The Dream Doctor HTML version

5. The Phantom Circuit
Brixton had evidently been waiting impatiently for our arrival. "Mr. Kennedy?" he
inquired, adding quickly without waiting for an answer: "I am glad to see you. I suppose
you have noticed the precautions we are taking against intruders? Yet it seems to be all of
no avail. I can not be alone even here. If a telephone message comes to me over my
private wire, if I talk with my own office in the city, it seems that it is known. I don't
know what to make of it. It is terrible. I don't know what to expect next."
Brixton had been standing beside a huge mahogany desk as we entered. I had seen him
before at a distance as a somewhat pompous speaker at banquets and the cynosure of the
financial district. But there was something different about his looks now. He seemed to
have aged, to have grown yellower. Even the whites of his eyes were yellow.

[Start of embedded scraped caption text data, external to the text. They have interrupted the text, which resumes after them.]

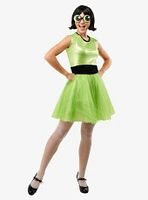 Powerpuff Girls Buttercup Adult Costume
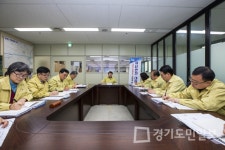 인천 계양구,  지역사회 확산 방지 총력 대응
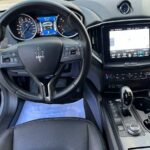 
										MASERATI – Ghibli – 3.0 Diesel 275 CV full									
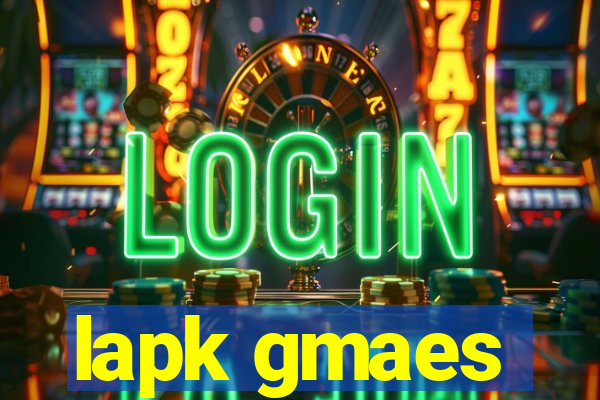 lapk gmaes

I thought at first that perhaps it might be the effect of the light in the centre of the room, a
huge affair set in the ceiling in a sort of inverted hemisphere of glass, concealing and
softening the rays of a powerful incandescent bulb which it enclosed. It was not the light
that gave him the altered appearance, as I concluded from catching a casual confirmatory
glance of perplexity from Kennedy himself.

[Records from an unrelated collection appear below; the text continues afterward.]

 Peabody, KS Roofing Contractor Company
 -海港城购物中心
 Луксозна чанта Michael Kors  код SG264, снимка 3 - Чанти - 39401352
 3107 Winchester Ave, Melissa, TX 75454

"My personal physician says I am suffering from jaundice," explained Brixton. Rather
than seeming to be offended at our notice of his condition he seemed to take it as a good
evidence of Kennedy's keenness that he had at once hit on one of the things that were
weighing on Brixton's own mind. "I feel pretty badly, too. Curse it," he added bitterly,
"coming at a time when it is absolutely necessary that I should have all my strength to
carry through a negotiation that is only a beginning, important not so much for myself as
for the whole world. It is one of the first times New York bankers have had a chance to
engage in big dealings in that part of the world. I suppose Yvonne has shown you one of
the letters I am receiving?"
He rustled a sheaf of them which he drew from a drawer of his desk, and continued, not
waiting for Kennedy even to nod:
"Here are a dozen or more of them. I get one or two every day, either here or at my town
house or at the office."
Kennedy had moved forward to see them.
"One moment more," Brixton interrupted, still holding them. "I shall come back to the
letters. That is not the worst. I've had threatening letters before. Have you noticed this
We had both seen and been impressed by it.